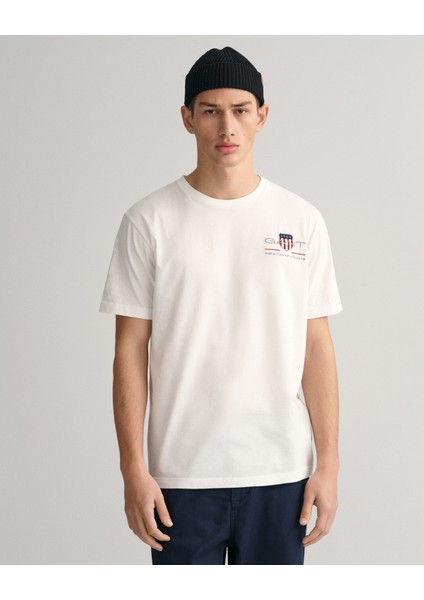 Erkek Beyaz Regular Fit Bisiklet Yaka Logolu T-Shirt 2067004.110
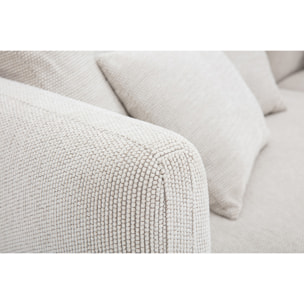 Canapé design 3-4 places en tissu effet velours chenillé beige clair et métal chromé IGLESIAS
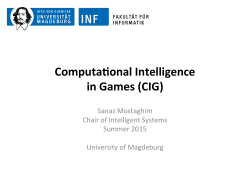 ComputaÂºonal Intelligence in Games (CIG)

---

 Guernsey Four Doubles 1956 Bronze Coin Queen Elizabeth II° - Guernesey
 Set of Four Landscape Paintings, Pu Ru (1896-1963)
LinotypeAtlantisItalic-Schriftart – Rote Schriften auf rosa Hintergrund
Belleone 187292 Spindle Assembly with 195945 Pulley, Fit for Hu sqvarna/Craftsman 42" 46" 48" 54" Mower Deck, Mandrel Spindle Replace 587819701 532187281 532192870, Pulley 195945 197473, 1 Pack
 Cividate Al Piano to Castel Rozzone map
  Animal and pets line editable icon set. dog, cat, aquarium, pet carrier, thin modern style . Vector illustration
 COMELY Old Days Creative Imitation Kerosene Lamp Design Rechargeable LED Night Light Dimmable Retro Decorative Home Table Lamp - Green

---

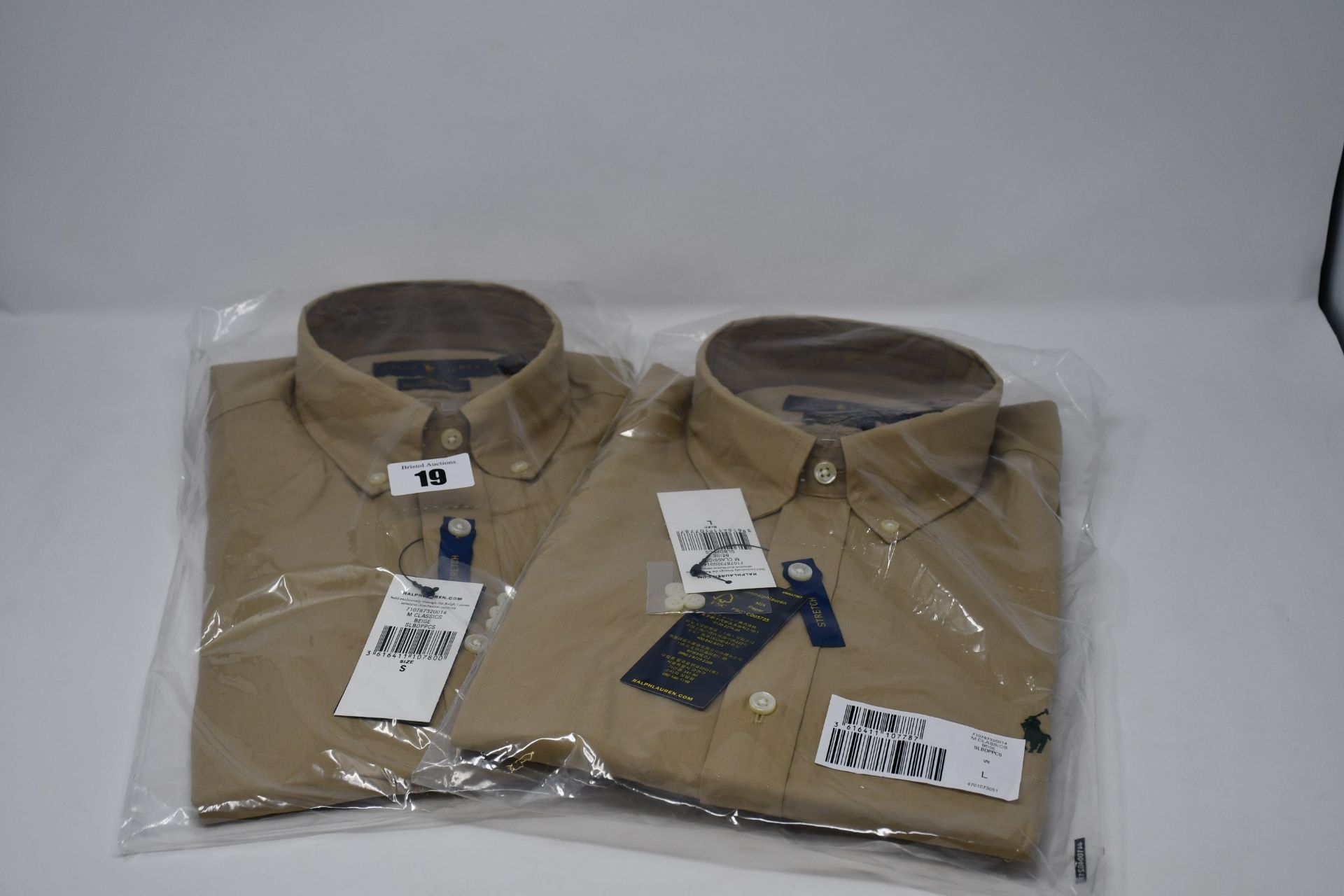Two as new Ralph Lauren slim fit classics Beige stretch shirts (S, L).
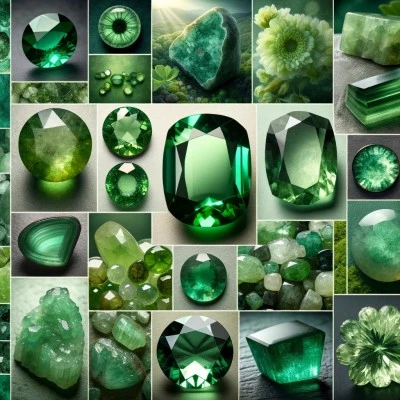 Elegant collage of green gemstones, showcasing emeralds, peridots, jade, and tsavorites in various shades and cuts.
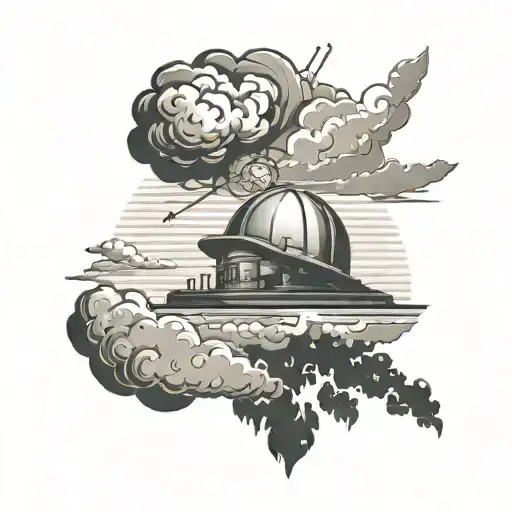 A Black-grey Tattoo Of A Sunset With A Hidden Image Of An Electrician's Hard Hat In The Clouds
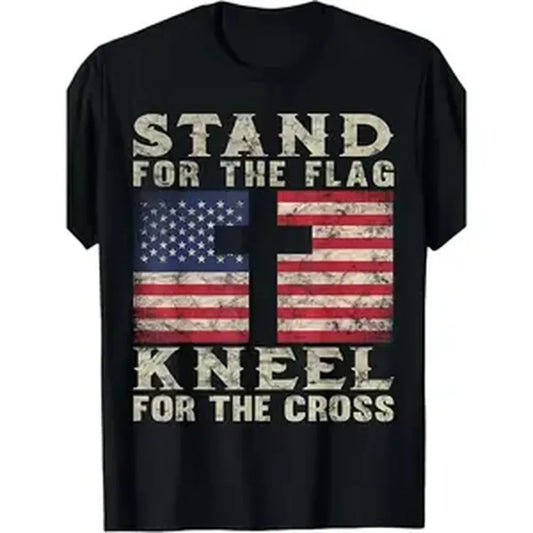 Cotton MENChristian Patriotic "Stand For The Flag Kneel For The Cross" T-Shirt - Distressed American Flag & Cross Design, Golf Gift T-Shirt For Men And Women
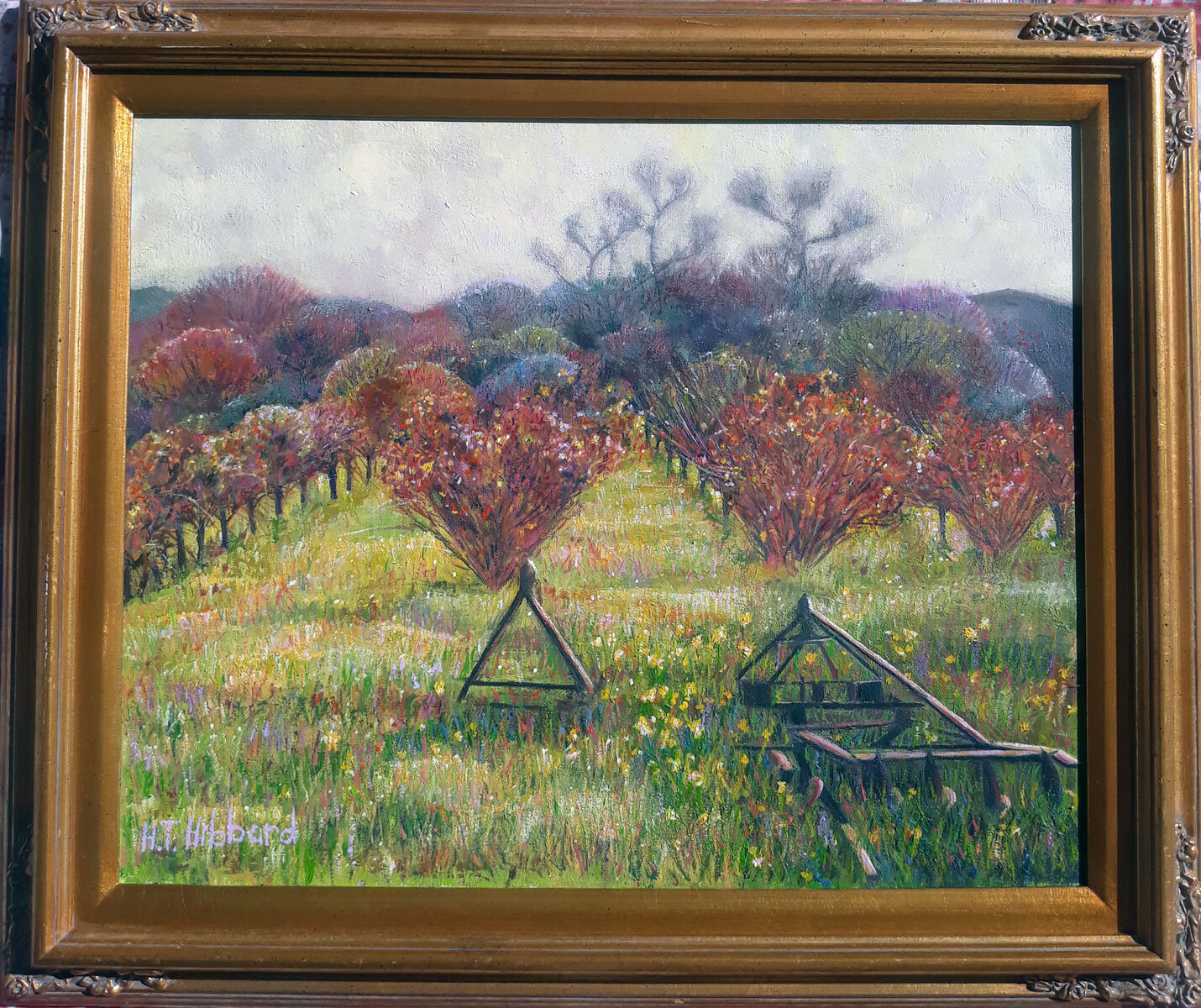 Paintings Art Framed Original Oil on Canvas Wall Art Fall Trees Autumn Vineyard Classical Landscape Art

---

• _Activity_: The expected output is the lines above from the one containing "Cotton MENChristian Patriotic" to the one containing "Paintings Art Framed", both ends included, reproduced exactly with every picture left out.

• _Answer space_:
 Cotton MENChristian Patriotic "Stand For The Flag Kneel For The Cross" T-Shirt - Distressed American Flag & Cross Design, Golf Gift T-Shirt For Men And Women
 Paintings Art Framed Original Oil on Canvas Wall Art Fall Trees Autumn Vineyard Classical Landscape Art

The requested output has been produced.